G protein-coupled receptors are the most abundant class of receptors in the human body. These receptors are exposed at the extracellular surface of the cell membrane, traverse the membrane, and possess intracellular regions that activate a unique class of signaling molecules called G proteins. (G proteins are so named because they bind the guanine nucleotides GTP and GDP.) G protein-coupled signaling mechanisms are involved in many important processes, including vision, olfaction, and neurotransmission.
G protein-coupled receptors all have seven transmembrane regions within a single polypeptide chain. Each transmembrane region consists of a single α helix, and the α helices are arranged in a characteristic structural motif that is similar in all members of this receptor class. The extracellular domain of this class of proteins usually contains the ligand-binding region, although some G protein-coupled receptors bind ligands within the transmembrane domain of the receptor. In the resting (unstimulated) state, the cytoplasmic domain of the receptor is noncovalently linked to a G protein that consists of α and βγ subunits. Upon activation, the α subunit exchanges GDP for GTP. The α-GTP subunit then dissociates from the βγ subunit, and the α or βγ subunit diffuses along the inner leaflet of the plasma membrane to interact with a number of different effectors.

These effectors include adenylyl cyclase, phospholipase C, various ion channels, and other classes of proteins. Signals mediated by G proteins are usually terminated by the hydrolysis of GTP to GDP, which is catalyzed by the inherent GTPase activity of the α subunit .

One major role of the G proteins is to activate the production of second messengers, that is, signaling molecules that convey the input provided by the first messenger—usually an endogenous ligand or an exogenous drug—to cytoplasmic effectors . The activation of cyclases, such as adenylyl cyclase, which catalyzes the production of the second messenger cyclic adenosine-3′,5′-monophosphate (cAMP), and guanylyl cyclase, which catalyzes the production of cyclic guanosine-3′,5′-monophosphate (cGMP), constitutes the most common pathway linked to G proteins. In addition, G proteins can activate the enzyme phospholipase C (PLC) which, among other functions, plays a key role in regulating the concentration of intracellular calcium. Upon activation by a G protein, PLC cleaves the membrane phospholipid phosphatidylinositol-4,5-bisphosphate (PIP2) to the second messengers diacylglycerol (DAG) and inositol-1,4,5-trisphosphate (IP3). IP3 triggers the release of Ca2+ from intracellular stores, thereby dramatically increasing the cytosolic Ca2+ concentration and activating downstream molecular and cellular events. DAG activates protein kinase C, which then mediates other molecular and cellular events, including smooth muscle contraction and transmembrane ion transport. All of these events are dynamically regulated, so that the different steps in the pathways are activated and inactivated with characteristic kinetics.

A large number of Gα protein isoforms have now been identified, each of which has unique effects on its targets.
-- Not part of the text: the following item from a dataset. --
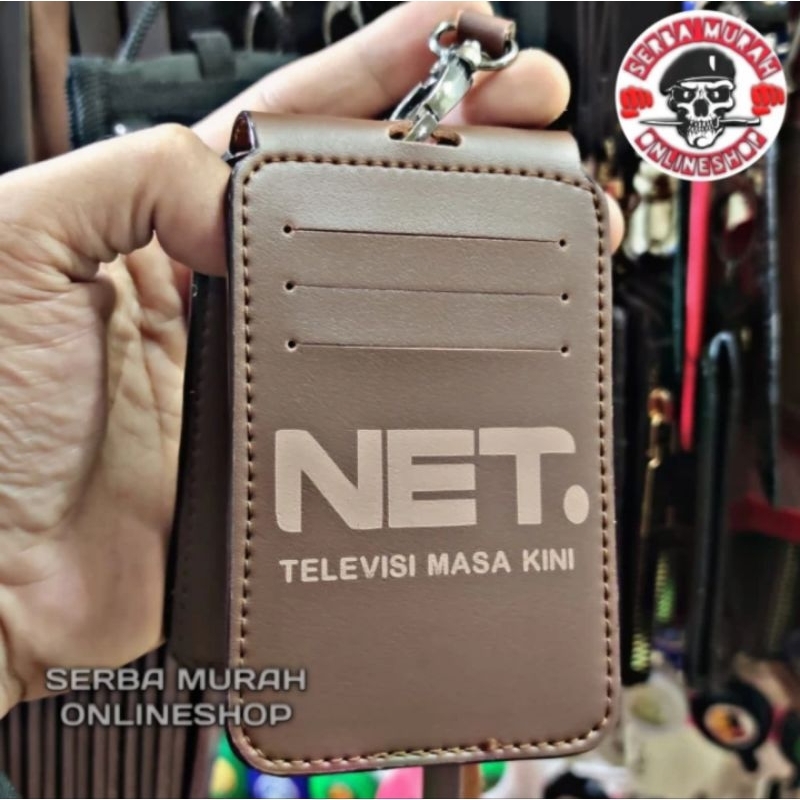 

HOLDER KALUNG ID CARD LOGO NET TV MODEL LIPAT COKLAT BEST QUALITY PREMIUM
A few of these G proteins include G-stimulatory (Gs), G-inhibitory (Gi), Gq, Go, and G12/13. Examples of the effects of these isoforms are shown in Table 1-4. The differential functioning of these G proteins, some of which may couple in different ways to the same receptor in different cell types, is likely to be important for the potential selectivity of future drugs. The βγ subunits of G proteins can also act as second messenger molecules, although their actions are not as thoroughly characterized.

One important class in the G protein-coupled receptor family is the β-adrenergic receptor group. The most thoroughly studied of these receptors have been designated β1, β2, and β3. As discussed in more detail in Chapter 9, Adrenergic Pharmacology, β1 receptors play a role in controlling heart rate; β2 receptors are involved in the relaxation of smooth muscle; and β3 receptors play a role in the mobilization of energy by fat cells. Each of these receptors is stimulated by the binding of endogenous catecholamines, such as epinephrine and norepinephrine, to the extracellular domain of the receptor. Epinephrine binding induces a conformational change in the receptor, activating G proteins associated with the cytoplasmic domain of the receptor. The activated (GTP-bound) form of the G protein activates adenylyl cyclase, resulting in increased intracellular cAMP levels and downstream cellular effects.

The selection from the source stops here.